EURO2012のベスト8の中で、準々決勝にどのフォーメーションで臨むか予想できないのは、イタリアだけだ。2試合を戦った3-5-2か、アイルランド戦の4-3-2-1か。イタリアには、一人で試合を決められるクリスティアーノ・ロナウドがいない。イタリアの強みは、相手に適応できるユーティリティー性と、それによる予測不可能さだ。

イングランドのロイ・ホジソン監督は、イタリアがどう出てくるか分からないだろう。チェーザレ・プランデッリ監督は21日の練習でも、2つのフォーメーションを使って指揮している。だが実際には、4-3-1-2でいくことを決めているのだ。マリオ・バロテッリは先発となるだろう。

ダニエレ・デ・ロッシをセンターに置く3バックは、中盤の人数を増やし、高い位置から良いプレスを組織することができる。それにより、スペインが好きなパスゲームを阻み、クロアチア戦でもハイテンポなプレーを防いだ。

イングランドはまた別の戦い方だ。彼らは引いて守り、カウンターを狙う。
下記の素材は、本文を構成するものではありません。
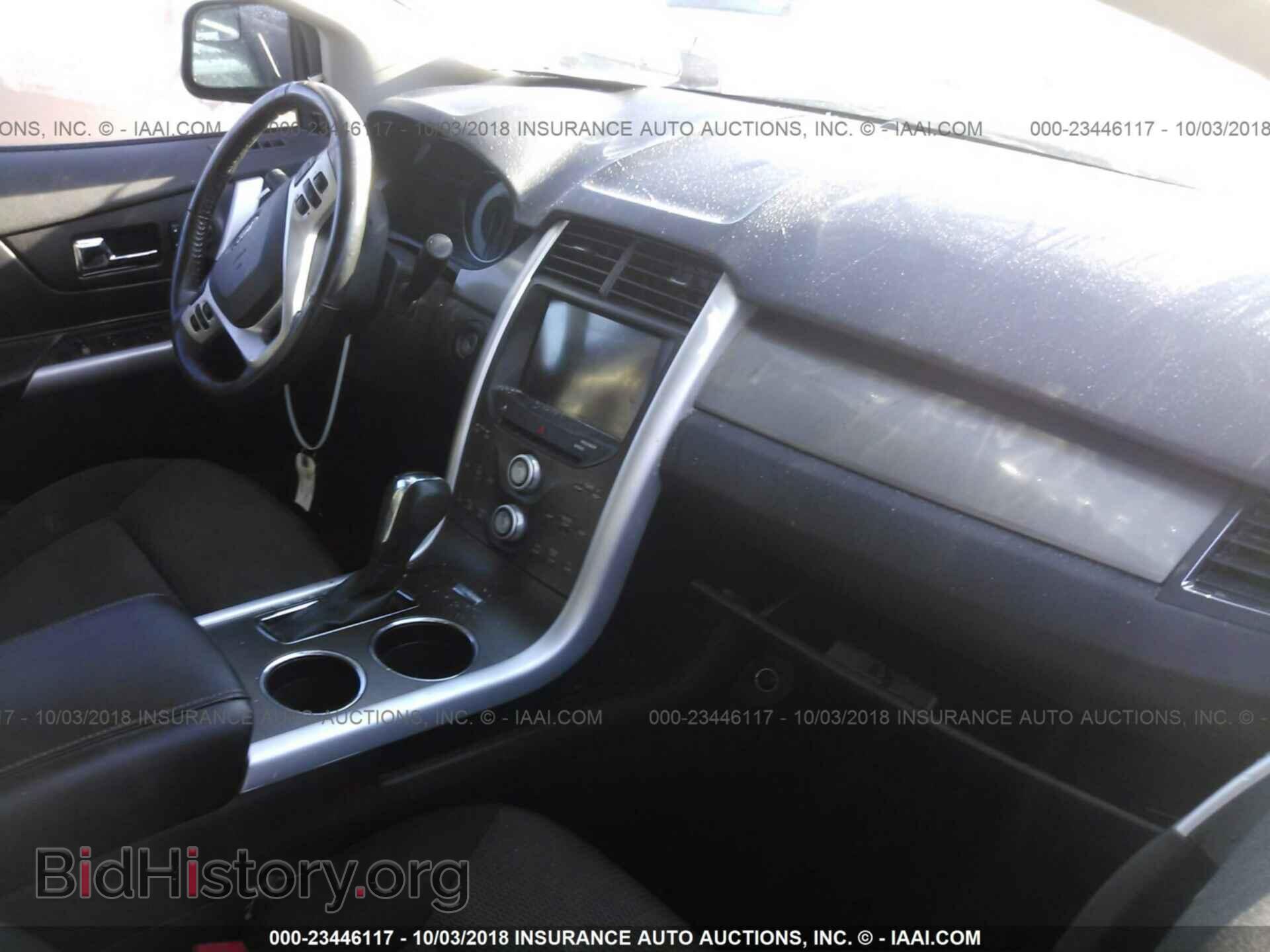 2011 Ford Edge - VIN: 2FMDK3JC5BBA30713 - Photo 5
3-5-2なら、サイドのカバーリングがより有効だ。グレン・ジョンソンがジェームズ・ミルナー(もしくはセオ・ウォルコット)を追い越して右サイドを上がってくれば、レオナルド・ボヌッチがフェデリコ・バルザレッティのカバーに入るだろう。

4-3-1-2の場合、右サイドバック(イニャツィオ・アバーテ)のカバーにインサイドハーフ(クラウディオ・マルキージオ)がずれることとなるが、より複雑でエネルギーを消耗する。アイルランド戦ではその代償を払うことがなかったが、イングランドのサイドのクオリティーはまったく別物だ。また、3バックなら、スペースに飛び込むウェイン・ルーニーを抑えるのに、より屈強な障害を築くことができる。

つまり、3-5-2はより良い守備を保証してくれるのだ。だが、4-3-1-2なら、イングランドの4-4-2をよりうまく攻撃することができる。プランデッリ監督の哲学にそった選択だ。つまり、自分たちがプレーし、自分たち攻め、相手を抑えるだけにとどまらない、いうことである。

そのための最善策は、相手のライン間で天才という爆弾に火をつけることだ。アントニオ・カッサーノからバロテッリ、チアゴ・モッタ、もしくは別の前線に飛び込んだMFへのパスである。オープンスペースへ飛び込むバロテッリへの、アンドレア・ピルロの速い縦パスも貴重なものとなるだろう。

バロテッリの起用は、彼の才能とフィジカルの強さが理由だ。だが同時に、イングランドの選手たちが彼を知っており、彼を恐れているからでもある。バロテッリもまた、彼らのことを知っている。アントニオ・ディ・ナターレは途中出場で、疲れた相手に対してスピードとテクニックをより生かせるはずだ。

中盤では、一つ変更があるかもしれない。T・モッタの調子が万全ではないからだ。リッカルド・モントリーヴォかアントニオ・ノチェリーノが起用されるかもしれない。ノチェリーノはフレッシュで、イングランド戦に向けて理想的な選手だ。ケヴィン=プリンス・ボアテングのような偽トップ下としてもできるし、ピルロの前でマルキージオ、デ・ロッシとトリオにする4-1-3-2にすることもできる。

その場合、マルキージオとノチェリーノが、強力なイングランドのサイドをダブルマークにつけるだろう。デ・ロッシはイングランドの頭脳であるスティーブン・ジェラードにアタックできる。つまり、攻撃のために選ぶフォーメーションが、良いカバーリングにもつながるわけだ。